**Work instructions**:
Two lines mark the range in the entries below: the one holding "2012 Honda CIVIC фото" and the one holding "Image capturing the". Set down those two and all lines between them, exactly.

**Material for the task**:
=== Begin Enclosure ===
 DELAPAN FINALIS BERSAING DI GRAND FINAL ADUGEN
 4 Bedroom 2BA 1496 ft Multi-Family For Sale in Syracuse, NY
=== End Enclosure ===
=== Begin Enclosure ===
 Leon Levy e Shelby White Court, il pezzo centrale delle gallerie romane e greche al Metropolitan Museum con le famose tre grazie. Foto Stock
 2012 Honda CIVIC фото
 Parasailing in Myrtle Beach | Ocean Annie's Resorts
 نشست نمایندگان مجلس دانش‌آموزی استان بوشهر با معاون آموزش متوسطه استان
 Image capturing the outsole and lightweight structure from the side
=== End Enclosure ===
**Solution**:
 2012 Honda CIVIC фото
 Parasailing in Myrtle Beach | Ocean Annie's Resorts
 نشست نمایندگان مجلس دانش‌آموزی استان بوشهر با معاون آموزش متوسطه استان
 Image capturing the outsole and lightweight structure from the side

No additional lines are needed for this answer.